Even as Parliament, if not the people, celebrates its diamond jubilee, state-sponsored socialism and the coming of age of the amoral socialist man have imposed a heavy burden upon Indian industry and the economy. And this burden weighs most heavily upon the poorest citizens struggling to survive in a nation of dysfunctional institutions.
Urgent need for new land acquisition act
In most democracies ownership of property is a fundamental right. The right to a roof over one’s head is regarded as precious as the right to life and liberty. Therefore the founding fathers of the Constitution of India enacted ownership of property as a fundamental right (Article 31). However, for mysterious reasons the right of citizens to own property was replaced by the right of the State (government) to compulsorily acquire the property of citizens by the 44th Amendment to the Constitution in 1978. Since then, the property sector has become a bane, a major source of corruption countrywide.

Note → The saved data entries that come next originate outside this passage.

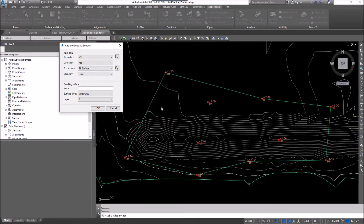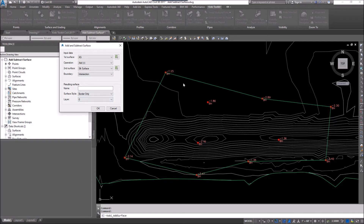I'm going to add them from the silt surface. For the boundary, do we want to create a new surface combining both? That would be union. I'm going to go with intersection — I just want a new surface where these two surfaces intersect. My surface name I'll call 'New Silt Surface,' the style I'll set to Contours 1 and 5, and I won't worry about the layer. I'll go OK.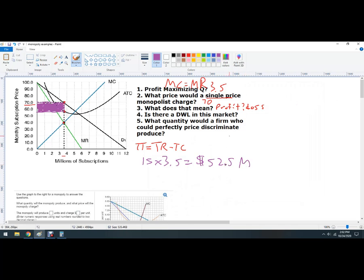Is there a deadweight loss in this market? The deadweight loss is the loss of efficiency. If this market was efficient, we'd be producing right over there. Going from here to here — that's the loss — it's going to be the area of this orange triangle.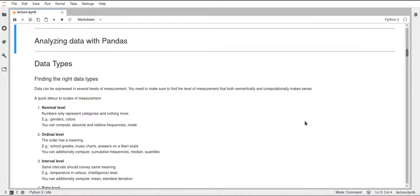Hello. In the last videos we looked at some functions for cleaning data with pandas. Now we'll go over to how you can analyze data with pandas.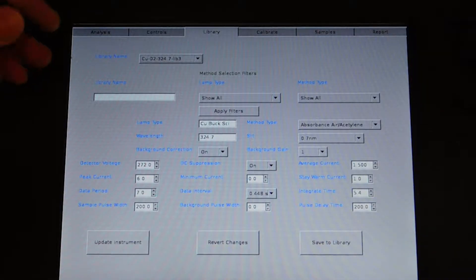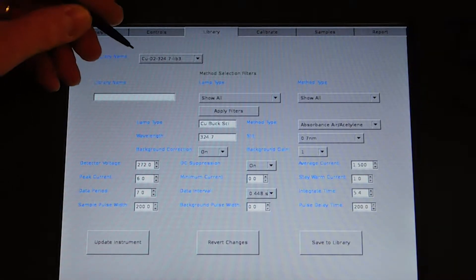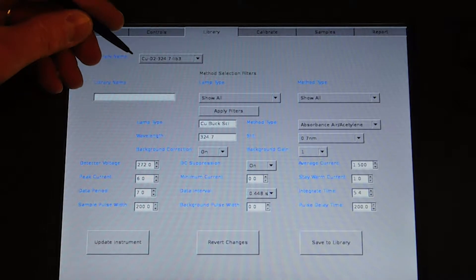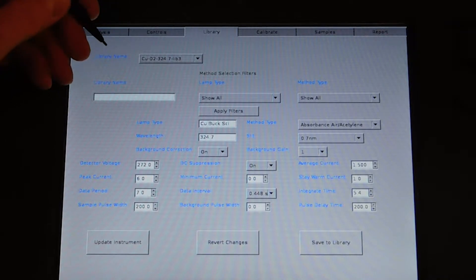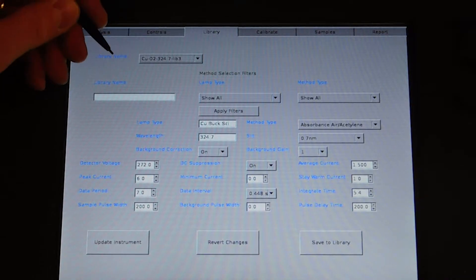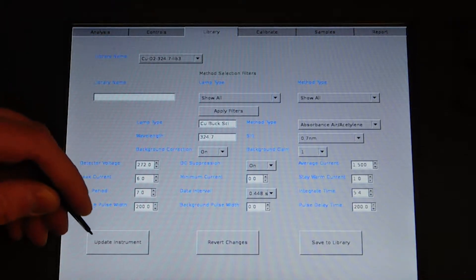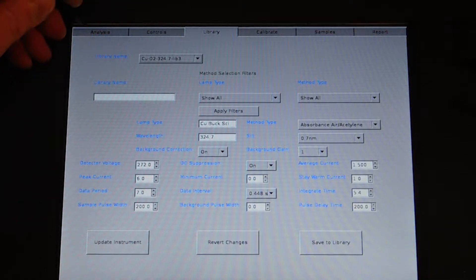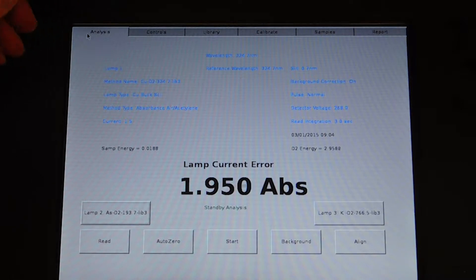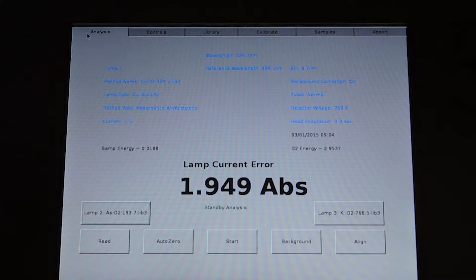After you load the library for the element you're analyzing in the library screen, you'll update the instrument and go back into the analysis screen.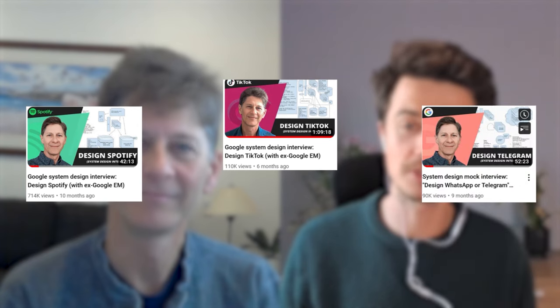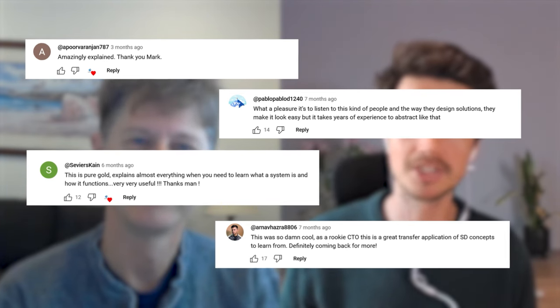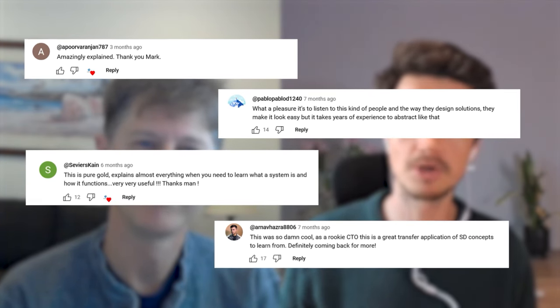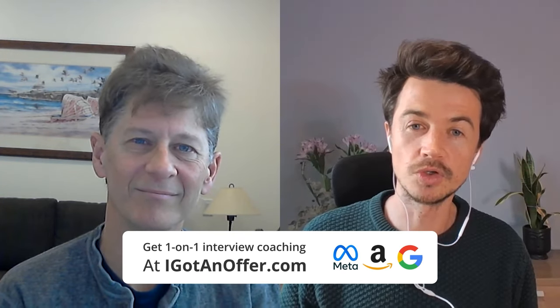Hello, welcome to another system design video. Today, Mark is going to be sharing his top 10 principles that you really must apply in your system design interview. You may have seen some of the mock system design interviews that Mark has done with me, which we've had incredible feedback on — literally thousands of likes. Before becoming a coach, Mark was an engineering manager at Google for 13 years. He's interviewed a lot of candidates and knows exactly what interviewers are looking for.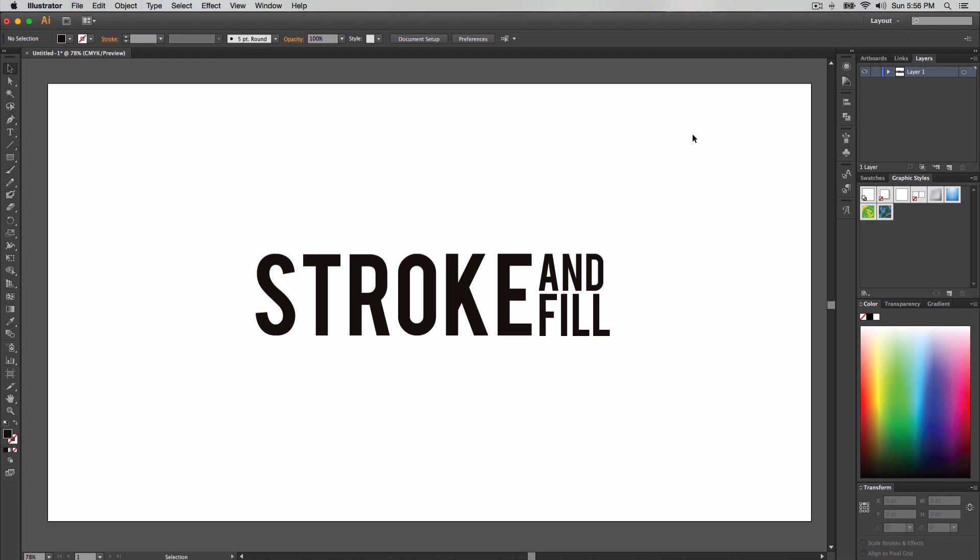What is going on guys? It's KingTutsPro and welcome back to an Illustrator tutorial. In today's tutorial, I'll be showing you guys how to use the stroke and the fill and how to speed up your artwork or your graphics in Illustrator twice as fast — really quick — and this will help you get your artwork done much quicker and in an easier way as well.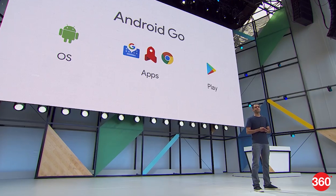Google wants Android to be more democratic, which is why there is a stripped-down version that's been announced. It's called Android Go, and it's for devices that have 512 MB to 1 GB of RAM. There are three main things that you need to know about Android Go.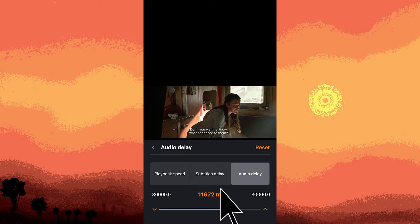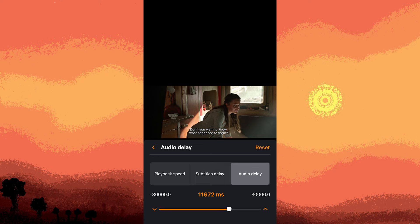Use the slider or input field provided to adjust the audio delay. Move the slider to the left or right to synchronize the audio with the video playback. As you adjust the audio delay, you may notice the audio shifting relative to the video. Use trial and error to find the correct delay that matches the video timing.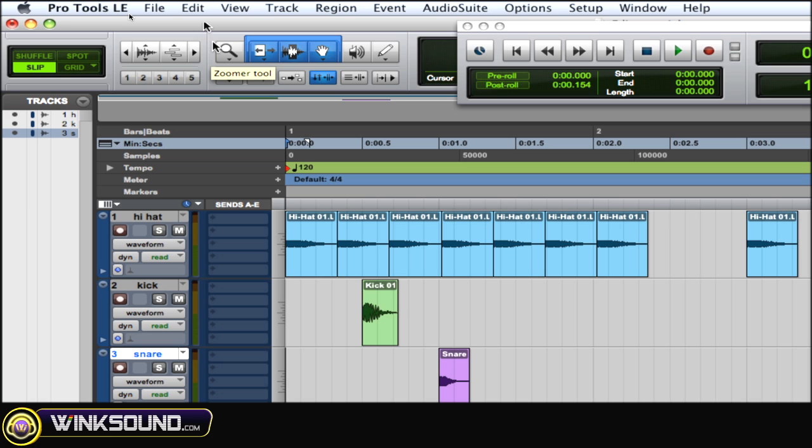And again, keep hitting F8 and F key to cycle through those modes as you can see. F9 is the scrubber tool. F10 is the pencil tool, and again, keep clicking F10 to cycle through those modes.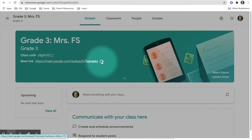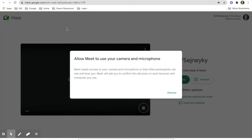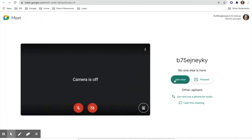Students will click a video camera under Classwork on both the iPad and the Chromebook. They may need to allow their microphone and camera use. They will then need to hit join now.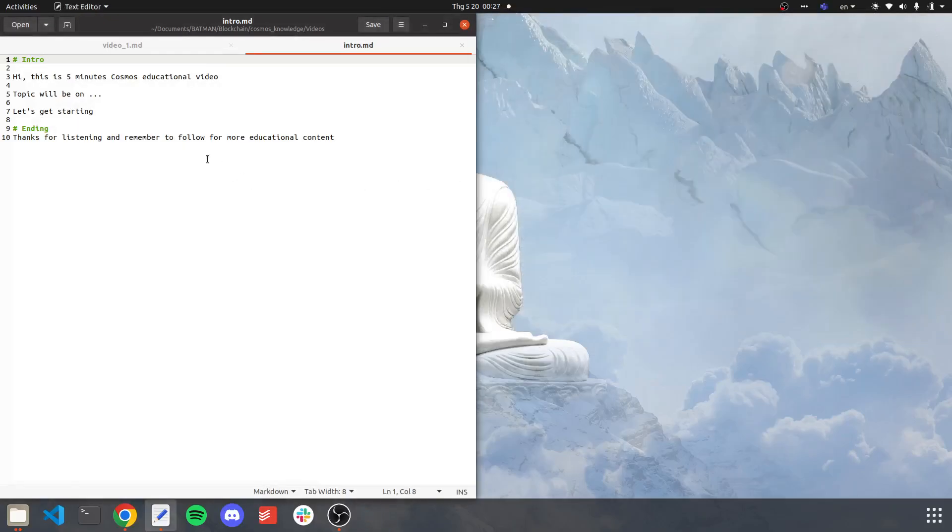Hi, this is a 5 minutes Cosmos educational video. The topic will be on creating your first blockchain. So let's get started.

The former chief of the Congress Party in Mumbai, Kripashankar Singh, who began his career as a modest groceries vendor, is being investigated by the police for having amassed property valued at a staggering Rs.350 crore. The Adarsh Cooperative Society on prime land in south Mumbai was registered for the widows of soldiers slain in the Kargil war of 1999, but the highly-subsidised flats of the society have been cornered by senior government officials and army officers. One Maharashtra chief minister has already been forced to resign over his alleged role in this scandal and two former chief ministers are being investigated.
Because of vast powers vested in government officials to acquire and dispose property for undefined “public purposes”, the rot has spread deep. A former Chief Justice of India, K.G. Balakrishnan is accused of having acquired vast benami properties. The charges appear credible enough for the Supreme Court to ask the government to investigate them and take “suitable action”. Two army generals were recently court-martialled for what has become known as the Sukna land scam.
An ingenious strategem devised by politicians and bureaucrats take advantage of their right to acquire citizens’ property ostensibly for public purposes for transfer to cronies and family members, is through fraudulent trusts, SEZs (special economic zones) and yoga ashrams which purchase land at concessional price in return for massive kickbacks.
It is not just the Congress Party, and its allies, who are guilty of dubious property transfer transactions. The BJP government in Himachal Pradesh virtually gifted 19 acres of prime land for a mere Rs.17 lakh for 99 years to Baba Ramdev to promote “yoga, medical tourism and herbal plants”. Likewise Karnataka’s former BJP chief minister B.S. Yeddyurappa has been accused of ‘denotifying’ (exempting from compulsory acquisition) tens of acres of land in and around Bangalore, in favour of his family and business partners.
Following the convenient abolition of the fundamental right to own property, the State (i.e corrupt politicians) can acquire citizens’ property at way below market prices and transfer it to cronies and nominees running suspect trusts, charities and ashrams for vague public purposes. A new Land Acquisition Bill which strictly defines public purpose and makes the purchase of property by individuals, corporates and trusts a bilateral transaction with the Central/state governments playing a mere supervisory role, is urgently required and needs to be speedily enacted.